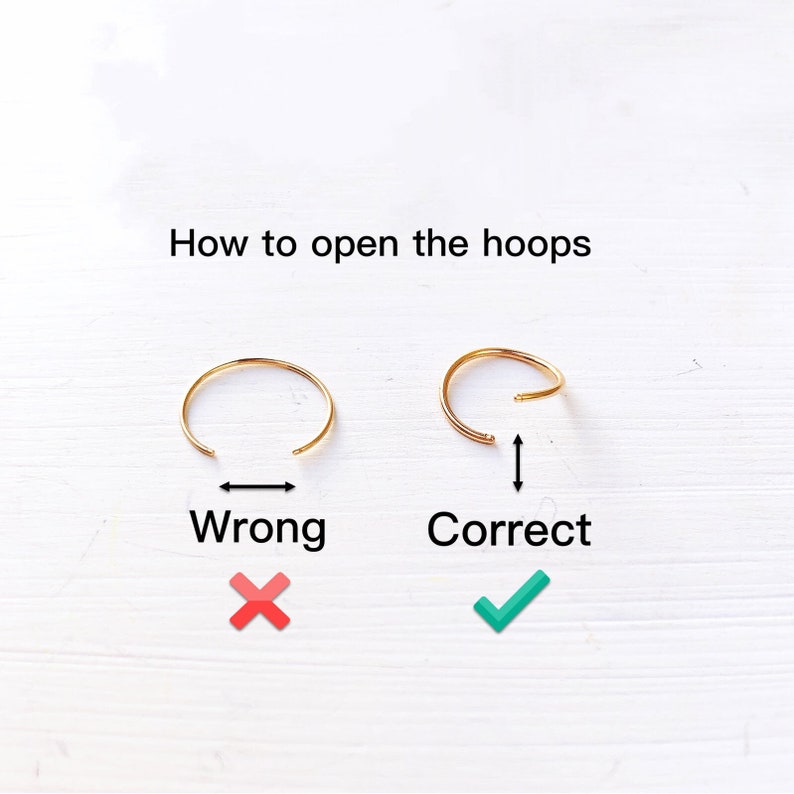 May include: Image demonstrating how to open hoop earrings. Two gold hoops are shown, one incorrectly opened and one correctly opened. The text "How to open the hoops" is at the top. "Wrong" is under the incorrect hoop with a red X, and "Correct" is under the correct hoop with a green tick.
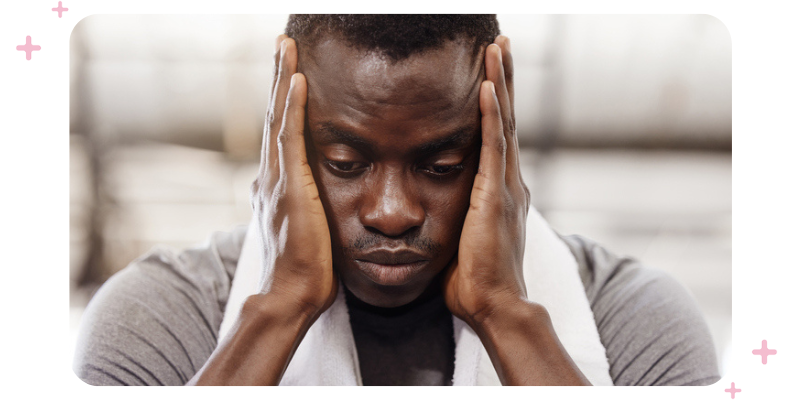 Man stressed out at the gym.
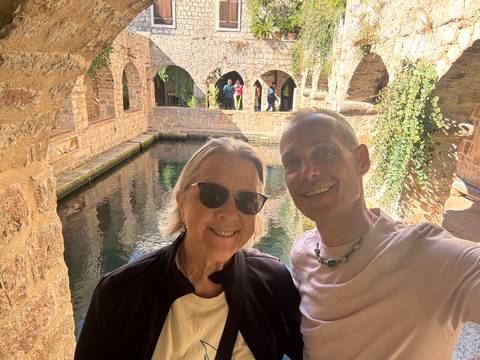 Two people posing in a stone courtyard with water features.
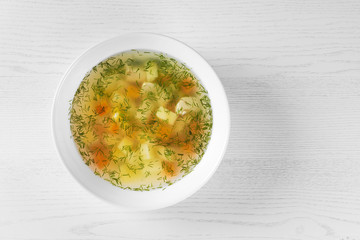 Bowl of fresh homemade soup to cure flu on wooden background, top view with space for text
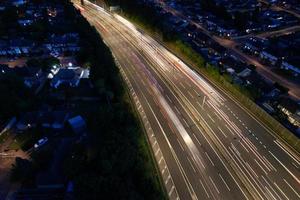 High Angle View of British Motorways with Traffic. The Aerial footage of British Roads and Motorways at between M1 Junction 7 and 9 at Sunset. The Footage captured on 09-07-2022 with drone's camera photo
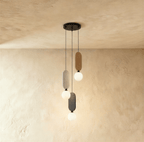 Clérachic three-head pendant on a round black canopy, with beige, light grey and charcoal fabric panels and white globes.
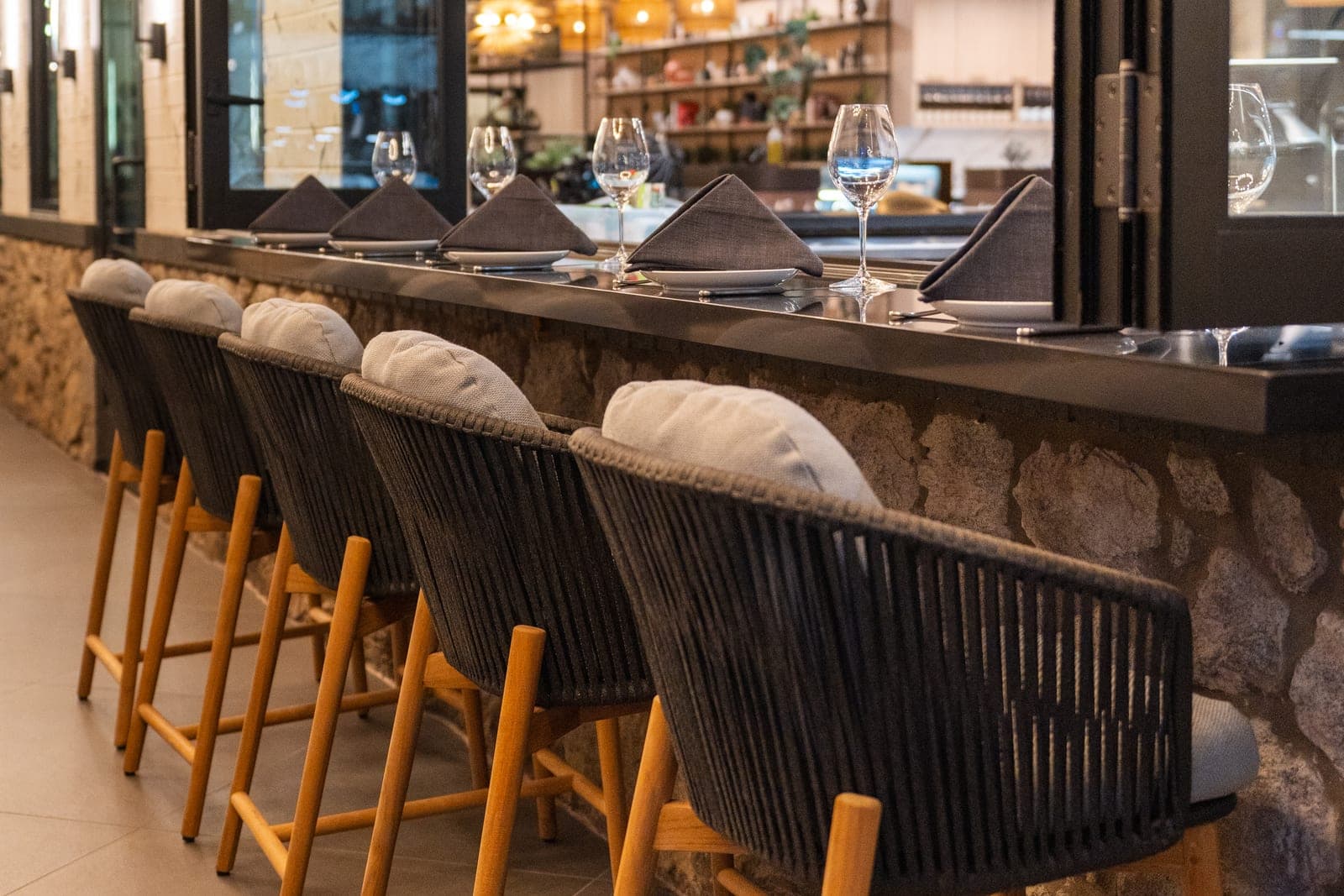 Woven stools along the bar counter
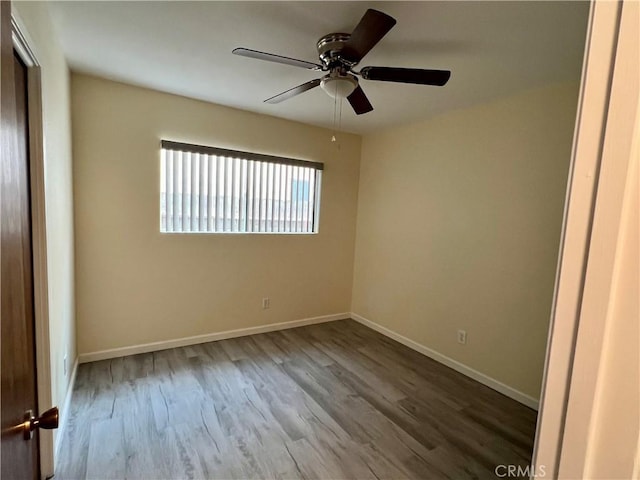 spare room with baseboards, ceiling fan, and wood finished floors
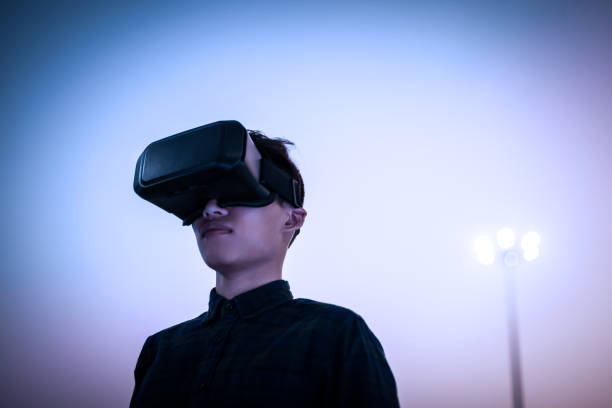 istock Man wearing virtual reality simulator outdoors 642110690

• [WHAT YOU ARE ASKED TO DO] Give the data again exactly, without pictures.

• [COMPLETED EXERCISE]
 May include: Image demonstrating how to open hoop earrings. Two gold hoops are shown, one incorrectly opened and one correctly opened. The text "How to open the hoops" is at the top. "Wrong" is under the incorrect hoop with a red X, and "Correct" is under the correct hoop with a green tick.
 Man stressed out at the gym.
 Two people posing in a stone courtyard with water features.
 Bowl of fresh homemade soup to cure flu on wooden background, top view with space for text
 High Angle View of British Motorways with Traffic. The Aerial footage of British Roads and Motorways at between M1 Junction 7 and 9 at Sunset. The Footage captured on 09-07-2022 with drone's camera photo
 Clérachic three-head pendant on a round black canopy, with beige, light grey and charcoal fabric panels and white globes.
 Woven stools along the bar counter
 spare room with baseboards, ceiling fan, and wood finished floors
 istock Man wearing virtual reality simulator outdoors 642110690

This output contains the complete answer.